Años más tarde, fuimos buscando destinos más cercanos; nos gustaba disfrutar de pequeños departamentos ubicados junto a la playa donde pudiéramos estar más tranquilos y aprovecharlo en familia, gozando de otras entretenciones. Un día, alguien proclamó que había encontrado “la fórmula perfecta” para que todos disfrutáramos por igual: “ya está –dijo–, lo ideal sería ir a una playa, con comodidades, pero que quede cerca de un centro comercial”… “Aprobada la moción”, respondí, y así decidimos ir –por esa vez– a una pequeña playa, avecinada al golfo de México, algo al sur de Tampa, conocida como Naples (se pronuncia Neipels, en inglés).
Naples era entonces un lugar tranquilo; sus residentes le encontraban cierta semejanza con el lugar que había sido cuna de sus padres.

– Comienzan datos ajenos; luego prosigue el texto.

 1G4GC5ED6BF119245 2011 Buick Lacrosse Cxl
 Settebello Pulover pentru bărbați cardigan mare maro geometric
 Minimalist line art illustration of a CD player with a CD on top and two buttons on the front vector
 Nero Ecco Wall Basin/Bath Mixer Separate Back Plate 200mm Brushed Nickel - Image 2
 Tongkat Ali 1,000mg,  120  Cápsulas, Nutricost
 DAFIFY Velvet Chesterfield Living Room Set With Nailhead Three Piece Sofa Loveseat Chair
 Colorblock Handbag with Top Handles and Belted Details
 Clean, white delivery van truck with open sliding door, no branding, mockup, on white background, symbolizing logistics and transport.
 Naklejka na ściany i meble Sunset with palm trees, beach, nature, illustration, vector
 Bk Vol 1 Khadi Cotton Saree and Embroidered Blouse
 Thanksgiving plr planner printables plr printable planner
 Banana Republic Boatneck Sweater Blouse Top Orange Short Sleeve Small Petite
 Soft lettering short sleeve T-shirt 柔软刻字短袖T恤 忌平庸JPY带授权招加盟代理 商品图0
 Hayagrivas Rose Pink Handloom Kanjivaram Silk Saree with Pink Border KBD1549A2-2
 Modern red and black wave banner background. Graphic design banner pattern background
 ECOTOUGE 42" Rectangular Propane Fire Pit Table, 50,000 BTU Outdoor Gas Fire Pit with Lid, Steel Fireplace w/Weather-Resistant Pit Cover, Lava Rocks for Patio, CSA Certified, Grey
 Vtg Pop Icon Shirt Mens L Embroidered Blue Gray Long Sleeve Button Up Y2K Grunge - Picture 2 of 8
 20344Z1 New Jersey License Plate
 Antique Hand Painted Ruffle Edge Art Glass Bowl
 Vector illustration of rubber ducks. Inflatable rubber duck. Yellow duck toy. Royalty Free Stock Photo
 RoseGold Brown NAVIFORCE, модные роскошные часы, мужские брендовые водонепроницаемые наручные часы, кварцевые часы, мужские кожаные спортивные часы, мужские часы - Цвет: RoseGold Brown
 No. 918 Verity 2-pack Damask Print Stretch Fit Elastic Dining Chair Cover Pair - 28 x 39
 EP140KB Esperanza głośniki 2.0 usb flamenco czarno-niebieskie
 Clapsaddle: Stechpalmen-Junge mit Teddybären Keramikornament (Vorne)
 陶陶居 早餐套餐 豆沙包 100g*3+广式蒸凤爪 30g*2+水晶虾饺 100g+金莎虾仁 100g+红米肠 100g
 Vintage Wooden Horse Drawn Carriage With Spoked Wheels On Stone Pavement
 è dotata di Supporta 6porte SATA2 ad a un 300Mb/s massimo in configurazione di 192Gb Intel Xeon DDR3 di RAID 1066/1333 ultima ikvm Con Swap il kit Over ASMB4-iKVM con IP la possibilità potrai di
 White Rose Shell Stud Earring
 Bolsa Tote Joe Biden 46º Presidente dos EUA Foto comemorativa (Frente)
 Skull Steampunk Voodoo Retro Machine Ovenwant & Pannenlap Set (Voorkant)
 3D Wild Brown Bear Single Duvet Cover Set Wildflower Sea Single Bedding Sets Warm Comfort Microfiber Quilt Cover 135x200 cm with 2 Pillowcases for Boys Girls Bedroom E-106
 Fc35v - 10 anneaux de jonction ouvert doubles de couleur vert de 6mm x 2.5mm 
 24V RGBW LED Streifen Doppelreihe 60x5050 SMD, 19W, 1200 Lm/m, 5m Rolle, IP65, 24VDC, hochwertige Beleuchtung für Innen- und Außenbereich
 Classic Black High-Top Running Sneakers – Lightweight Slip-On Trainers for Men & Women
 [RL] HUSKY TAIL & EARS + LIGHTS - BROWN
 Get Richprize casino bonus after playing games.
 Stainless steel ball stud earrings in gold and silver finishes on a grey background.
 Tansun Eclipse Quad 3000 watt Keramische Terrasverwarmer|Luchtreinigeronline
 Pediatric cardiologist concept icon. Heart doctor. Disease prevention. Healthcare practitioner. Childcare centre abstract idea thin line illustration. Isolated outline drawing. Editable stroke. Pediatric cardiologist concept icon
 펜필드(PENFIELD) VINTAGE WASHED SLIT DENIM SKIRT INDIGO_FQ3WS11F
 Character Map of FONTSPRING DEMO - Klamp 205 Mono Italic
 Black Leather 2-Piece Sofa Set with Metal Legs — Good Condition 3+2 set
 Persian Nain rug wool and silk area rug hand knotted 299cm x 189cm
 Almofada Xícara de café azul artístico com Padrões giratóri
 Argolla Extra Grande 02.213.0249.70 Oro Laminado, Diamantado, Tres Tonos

De a poco fue convirtiéndose en un lugar de retiro. Estaba ubicado en el SO de la Florida, estado al que llaman Panhandle (literalmente “mango del sartén”, yo prefiero decir “cacerola”, que suena menos prosaico). No tardaría en descubrir que su nombre era solo una transliteración de Napoli (en italiano) o Nápoles. Lo que tardé algo más en conocer fue que ese nombre tenía historia: no siempre Nápoles se había llamado así…
El cuento tiene que ver con una hermosa doncella oriunda de Frigia (occidente de Anatolia), llamada Pisínoe o Parténope, que se enamoró locamente de un joven pero se resistió a romper sus votos de castidad; ella se cortó el cabello y huyó a la Magna Grecia donde Afrodita, envidiosa de su belleza, la convirtió en sirena. Pero… las sirenas no siempre fueron como hoy las imaginamos: en la antigüedad se creía que también tenían rostro de mujer y cuerpo de ave; pero, desde el Renacimiento, han mantenido la forma con que hoy se las conoce: un torso femenino y una cola escamada, como de pez. Por eso, a veces suelen tener dos nombres (ej: siren y mermaid, en inglés).
En la Odisea, cuando Ulises regresaba de Troya, había evitado ser hechizado por las sirenas de la orilla (una de ellas era Parténope). Siguiendo el consejo de Circe, Ulises ordenó a los marineros que se taparan los oídos con cera y que lo amarraran al mástil del barco, así podría él disfrutar de su canto. Parténope, sintiéndose rechazada, prefirió morir ahogada y fue arrastrada por las olas hasta la orilla. Los marinos la enterraron con honores y su sepulcro se convirtió en un templo; este se convirtió en un pueblo, al que llamaron Parténope. En ese mismo lugar los griegos, en el SS VIII a.C., establecieron un asentamiento al que bautizaron de Palaeopolis o Ciudad Vieja. Dos siglos más tarde, los romanos tomaron posesión y lo apellidaron de Nea-polis, o Napoli, que significa Ciudad Nueva. Fue, en su tiempo, la urbe más importante que tuvo la Magna Grecia.
Nápoles fue incorporada en el Reino de Dos Sicilias en 1140, y fue su capital (1282-1503). Junto con Sicilia fueron dos reinos independientes gobernados por un mismo príncipe. Desde 1282 (las Vísperas Sicilianas) hasta 1861 (la Expedición de los 1.000), Sicilia fue gobernada por Aragón (y más tarde por España) en distintas formas, con excepción de cuando fue gobernada por Saboya y los Habsburgo (1713-1735). Sicilia fue capturada por Saboya durante la Guerra de Sucesión Española (1713). El apelativo Dos Sicilias data de 1282, cuando dos reyes: Carlos de Anjou (hermano de san Luis), en Nápoles; y Pedro de Aragón, en Sicilia, reclamaron el trono. En 1816 (durante el Congreso de Viena), Fernando I ya utilizó el nombre Dos Sicilias para identificar al nuevo reino.